THE RETURN OF PENNY WANAWAKE
I am thrilled to have my Penelope Wanawake crime series restored to life by the ambitious new publisher Williams & Whiting. The Penny books were my very first entrants into the world of crime writing, more than thirty years ago, and sent me off into a career in detective fiction which over the years has introduced me to any number of like-minded people, made me dozens of new friends, given me responsibility, seen me taking part in conventions and conferences in a dozen different countries.
It all came about when the Sunday Times set up a competition to find a fresh fictional female detective, since at the time, most people could only come up with Miss Jane Marple. The paper was looking for someone completely different. I can do that, I thought. Unfortunately, I thought for too long.

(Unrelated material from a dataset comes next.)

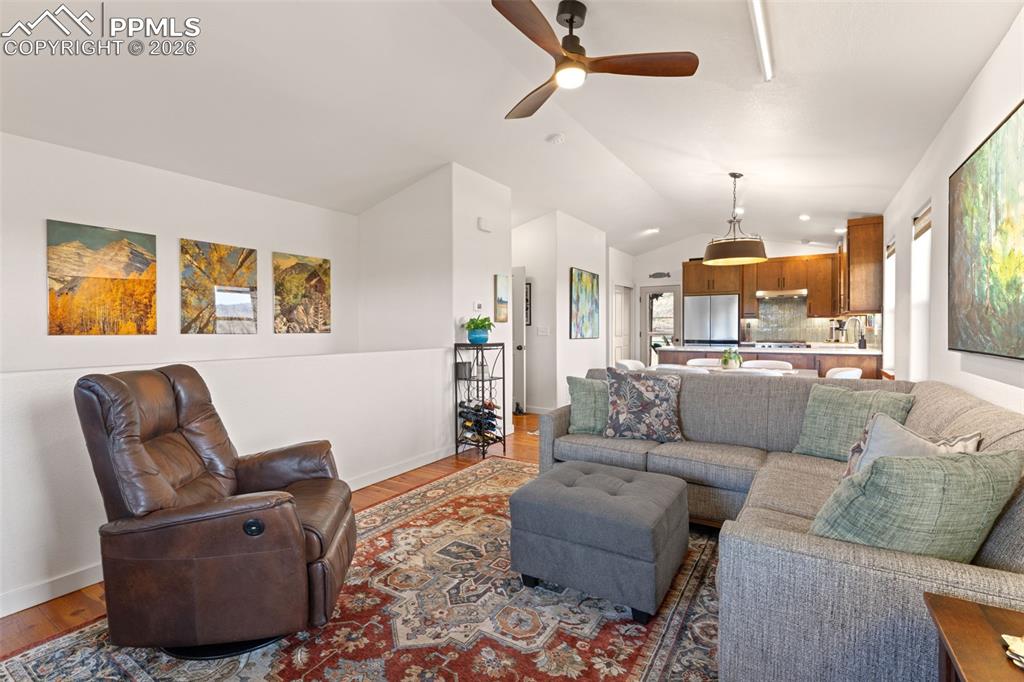 Image 6 of 38: Vaulted Ceilings on the Main Level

Would I have won? Of course I would! But like so many things in my life, I let it slide and in the end, didn’t send anything in. The competition came and went. I have no idea who the winner was.

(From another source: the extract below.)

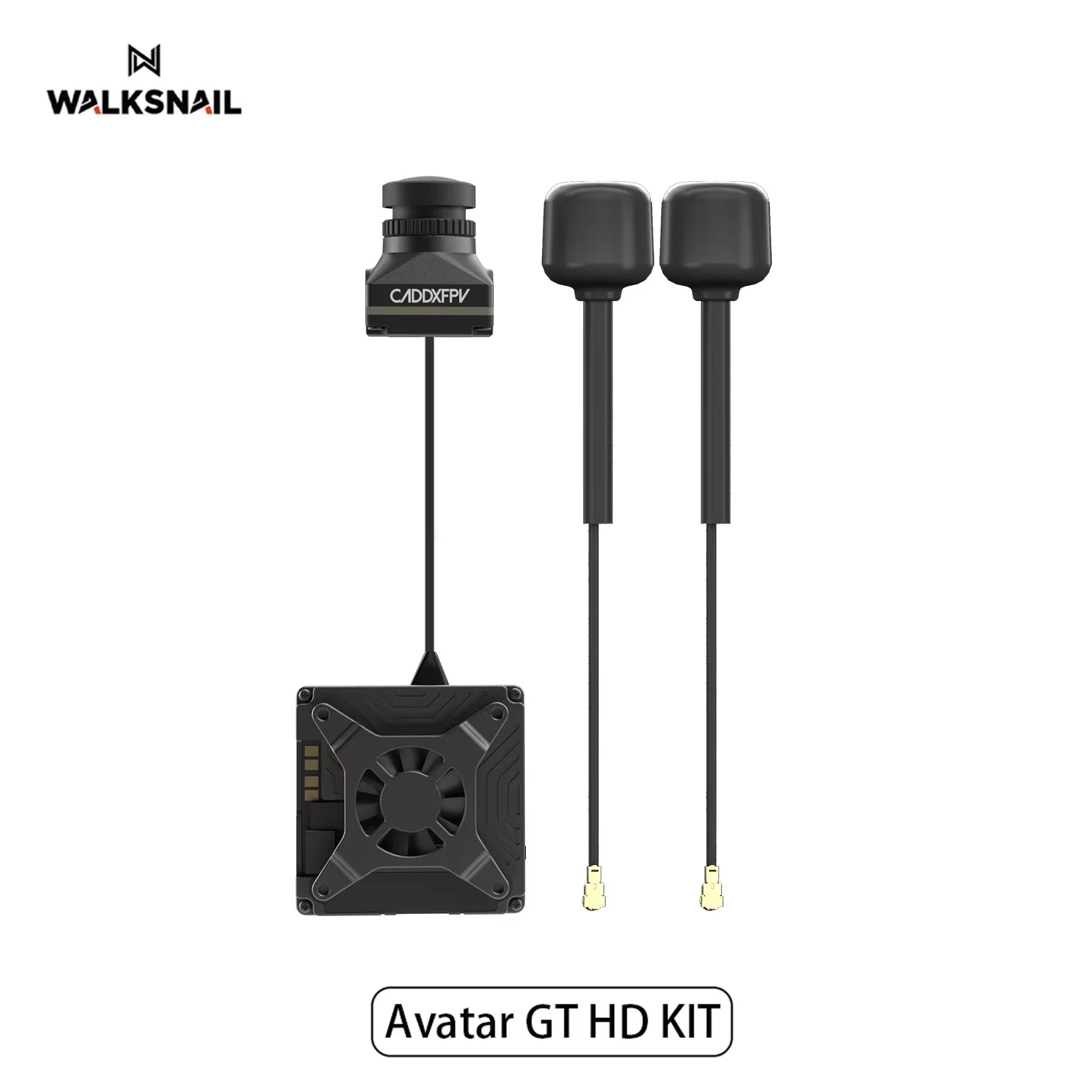 Walksnail Avatar GT HD KIT 2W  - Drone Kit Racing recension och pris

But the notion stayed with me . I tentatively wrote one chapter featuring a tall black feisty heroine called Penny. I gave her a Raffles-type gentleman-thief sidekick and lover, called Barnaby Midas. By making Barnaby a white South African, I was blowing a deliberate raspberry at the apartheid laws of that country. Although I’d never been to South Africa, I was at home here: I’d spent nearly ten years living in Tennessee where many of the same rules applied: black and white were kept strictly apart: segregated swimming pools, segregated housing, restaurants, legal rights. It was in the tumultuous Sixties, a time of marches and protests, of brave individuals standing up for their rights against the entrenched prejudice of the day. Crosses were on peoples’ lawns – including mine. The Klan came into town. Three civil rights workers were shot dead. Four little girls were killed when the Klan bombed a church in Birmingham, Alabama.
I wanted a black heroine who refused to be intimidated by anyone or anything. So that first chapter was followed by a second, then a third. At the time, the only crime writer I knew was the award-winning James McClure, creator of the matchless Kramer and Zondi series, which said more about South Africa during the apartheid years than all the polemics and political agitation did. I told him about it, he asked to see it, read it and remarked: “You know it’s good, don’t you?”
And kindly, he organized for me to send it to George Hardinge at Macmillan. The rest is history. Or at least, my history.
Penny was the first black heroine in the literature. On the outside, Penny bears no resemblance to her creator. On the inside … well, that’s for the reader to judge. She was intended to be the feminist answer to James Bond, Travis McGee and the other freewheeling heroes of the literature, at liberty to go down whichever mean streets she chose, cracking wise all over the place, free to sleep with whomsoever she wished. Until AIDS struck, and it no longer seemed appropriate. As my publisher at the time said, we needed to eliminate any possible ‘sleaze factor’.
Despite that, the Penny books received accolades that made me gasp with pleasure.
Williams & Whiting have done me proud. The new and improved Penny books have been given striking new covers, guaranteed to make the potential reader reach out and pick them up, and I’ve written an introduction for each book. I hope they’ll beguile my former readers into rereading them, and entice new readers into trying them.